(Beginning of Dataset records)

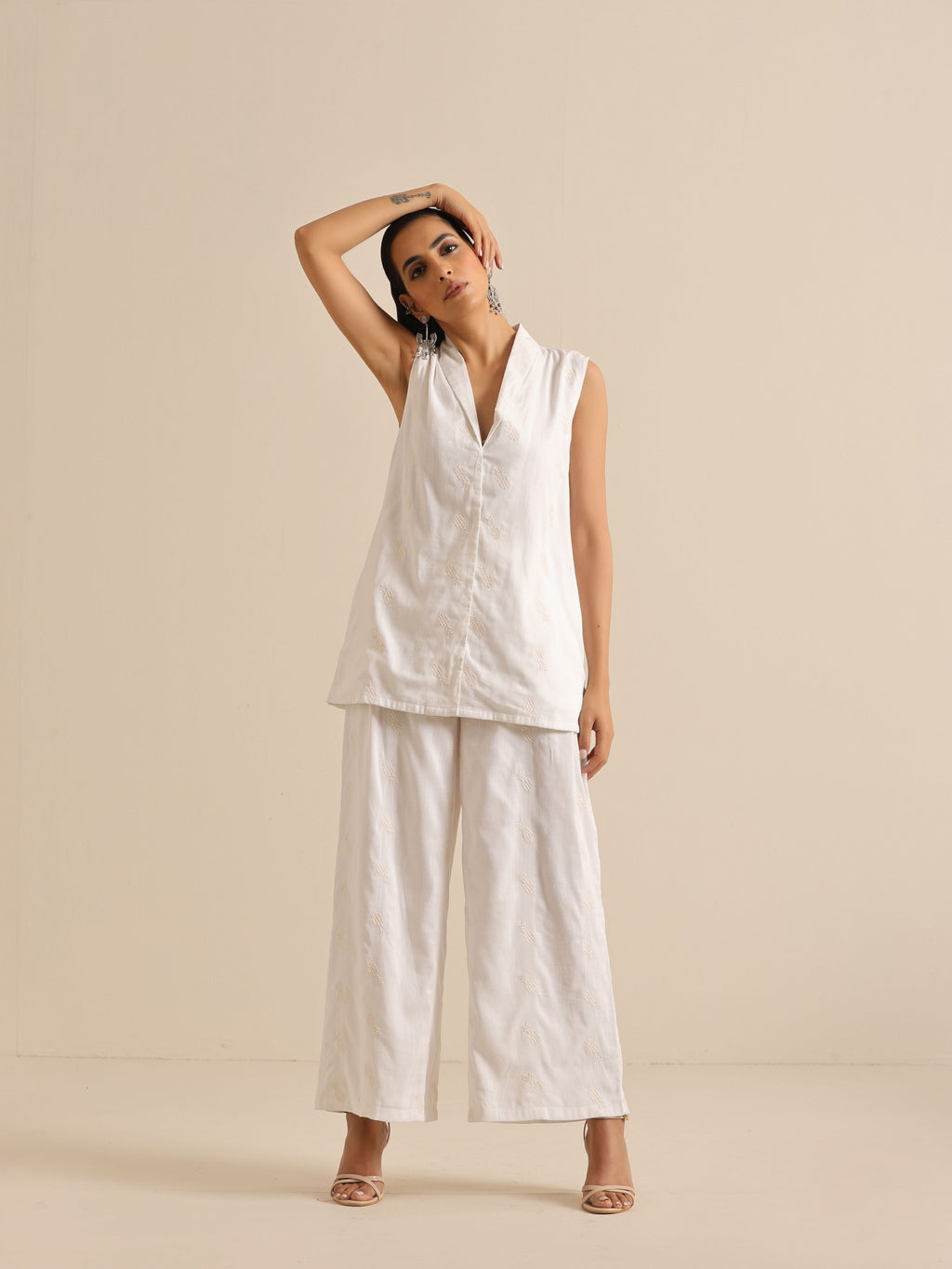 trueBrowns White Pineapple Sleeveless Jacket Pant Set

(End of Dataset records)
(Beginning of Dataset records)

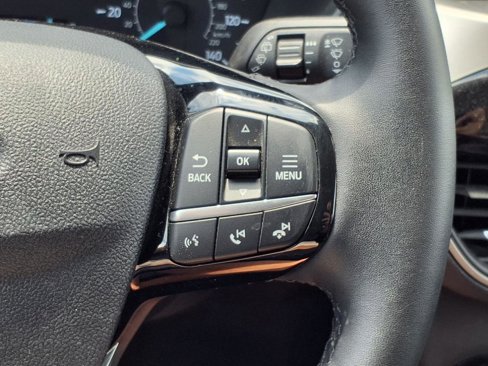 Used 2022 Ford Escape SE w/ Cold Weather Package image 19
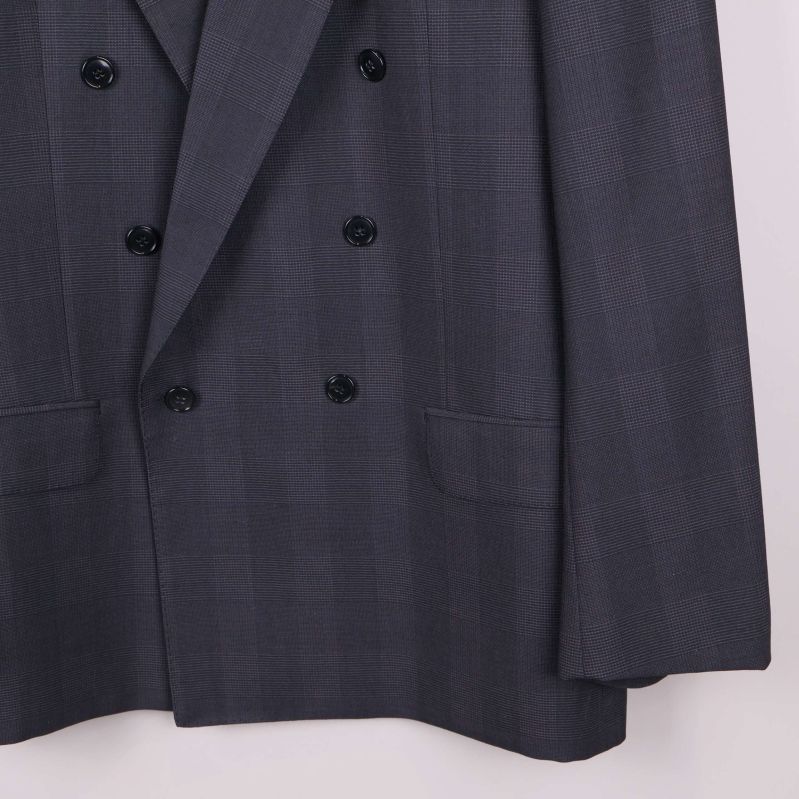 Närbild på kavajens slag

(End of Dataset records)
(Beginning of Dataset records)

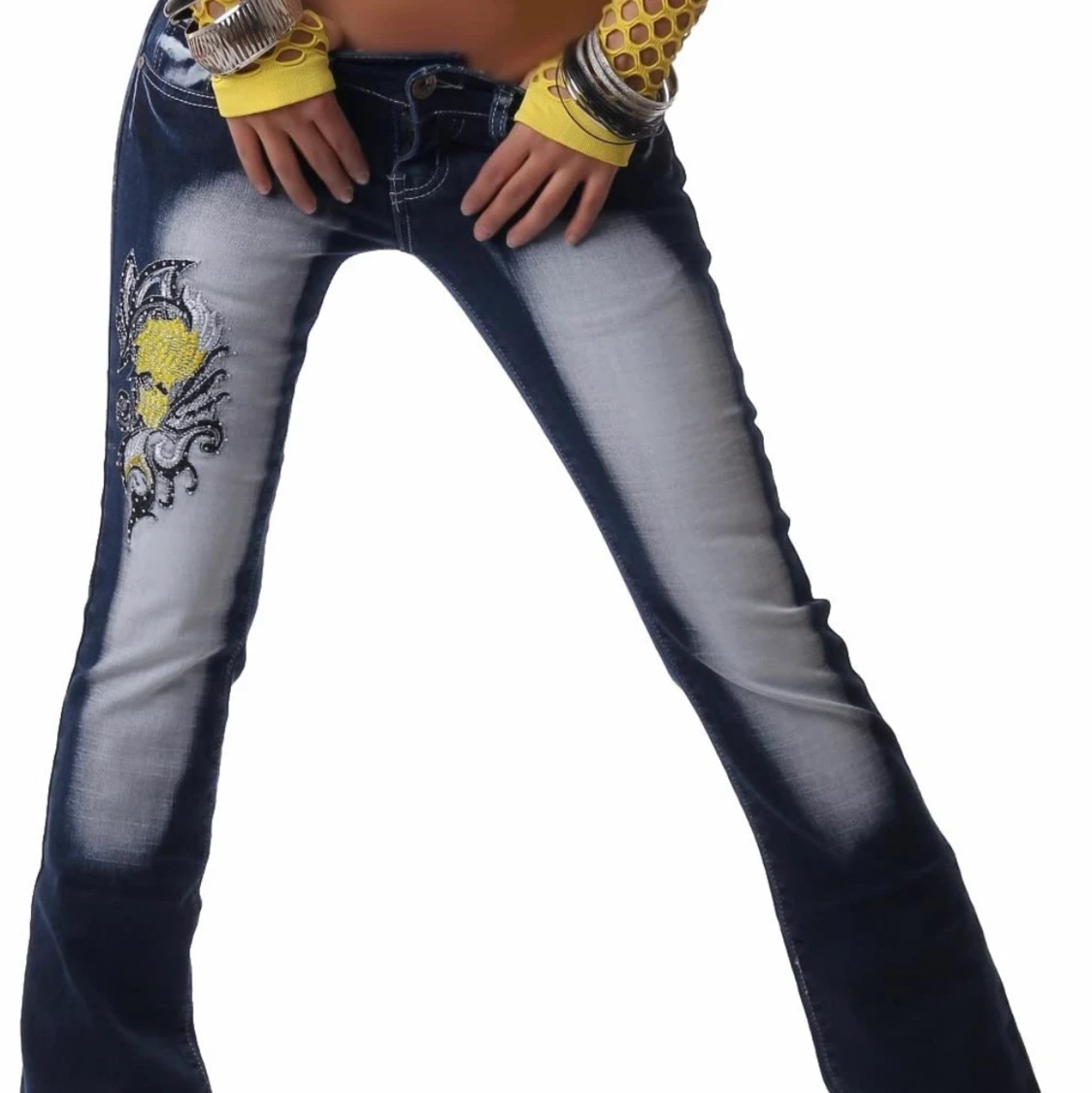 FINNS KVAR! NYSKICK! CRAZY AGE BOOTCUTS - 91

(End of Dataset records)

Prompt → Here the job is to copy the listing above word for word, starting at the line with "Used 2022 Ford" and ending at the line with "Närbild på kavajens slag", and to leave out the pictures.

Task answer →
 Used 2022 Ford Escape SE w/ Cold Weather Package image 19
 Närbild på kavajens slag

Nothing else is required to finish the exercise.